My friend JZ might have something to say about this. I think there is this word... ah.. yes, PRIVACY???? Just because I date a girl it doesn't mean she has free access to all my life. Deal with it. Ever thought I might be a Superhero or an international spy? I am keeping you safe for keeping you away from that part of my life...

" 'If he was short-tempered before, a combination of added sex and attention could be making him way more relaxed, even downright giddy,' Vranich says. Adds Mira Kirshenbaum, author of When Good People Have Affairs: Inside the Hearts and Minds of People in Two Relationships: 'If your guy is suddenly going around all happy and whistling, then you need to find out why.' "

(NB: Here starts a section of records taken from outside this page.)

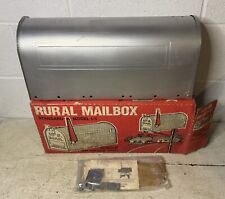 Rural mailbox ribbed for sale  Newton Falls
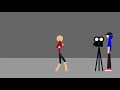 punching animation update | stick nodes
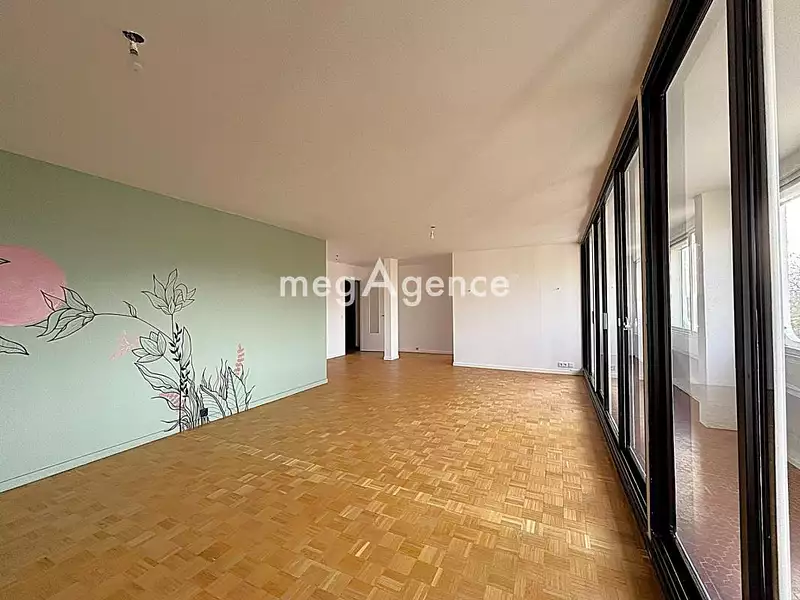 Appartement, 109 m²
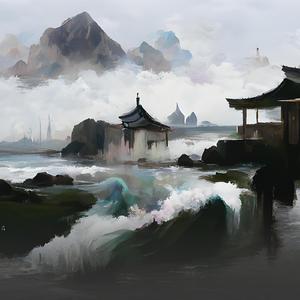 Kau meninggalkan ku tanpa perasaan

Wow... being happy is a sin in a relationship it seems... Keep believing these and then wonder why no one approaches you in a 1km radius. So you got into a relationship with a miserable guy, you didn't change his mood, yet when he becomes happy because of whatever it's a bad sign? Great logic... Go Cosmogirls!
You thought I left the covers alone? You don't seem to know me enough... Upper left. "Guys answer your sexiest sex qs". Sexiest sex...? Seriously? Overcompensating much from the lack of sex? And who are these guys? What are their qualifications? Say one of them is into feet, (no hard feelings) is his advice any good to the rest of the guys that have no such fetish? I think not!

"Naughty thoughts he has at work". First of... Why do you think I have different thoughts in work from the ones I have in the house? When I am at the office I think of big boobs while when I go to my house I think of perfect round butts? Seriously who thinks of these???

"What your Va-Jay-Jay is dying to tell you". Wanna know? "Stop reading bullshit magazines and go out and get laid before the sand becomes rock in your VJJ! I wont even comment on the VJJ thing.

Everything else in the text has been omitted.